::: ENTRIES PROVIDED

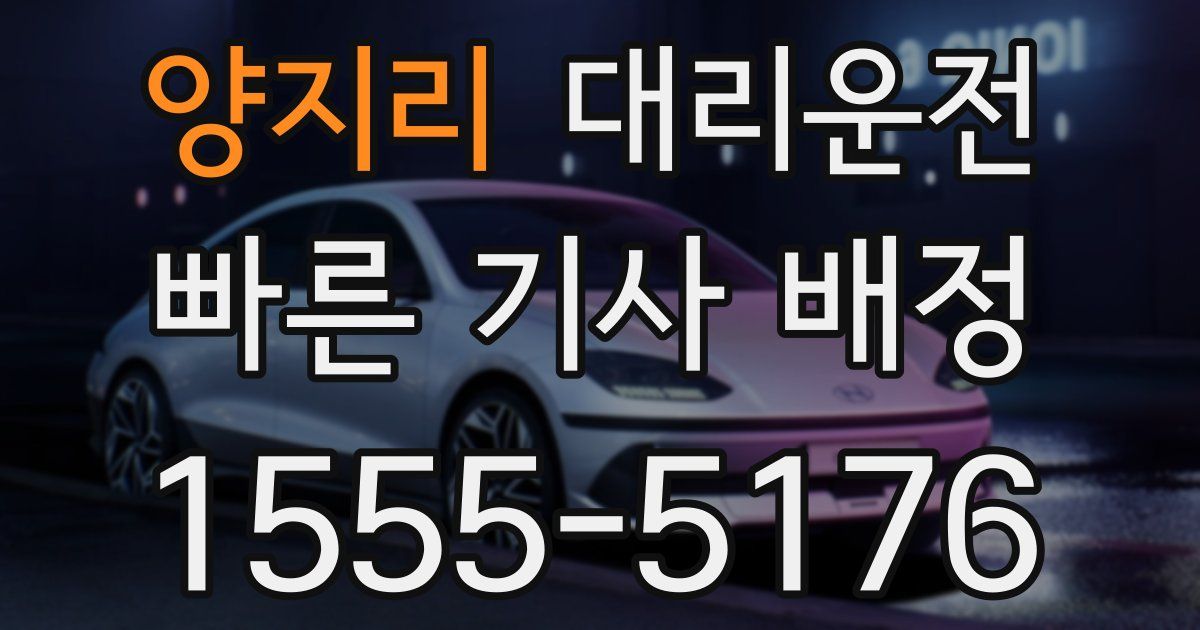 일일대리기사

::::::
::: ENTRIES PROVIDED

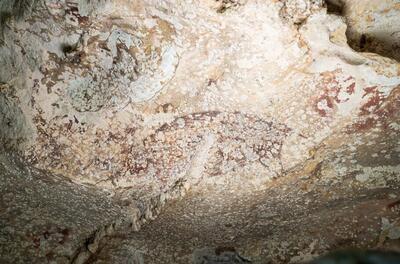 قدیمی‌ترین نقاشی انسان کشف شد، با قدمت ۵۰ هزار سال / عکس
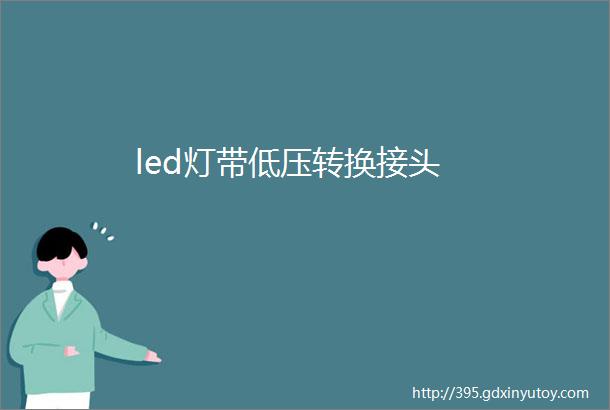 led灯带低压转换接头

::::::

> **DIRECTIONS FOR THIS TASK**: With the pictures omitted, print the lines above exactly, beginning at the line with "قدیمی‌ترین نقاشی انسان" and going on through the line with "led灯带低压转换接头".

> **TASK OUTPUT**:
 قدیمی‌ترین نقاشی انسان کشف شد، با قدمت ۵۰ هزار سال / عکس
 led灯带低压转换接头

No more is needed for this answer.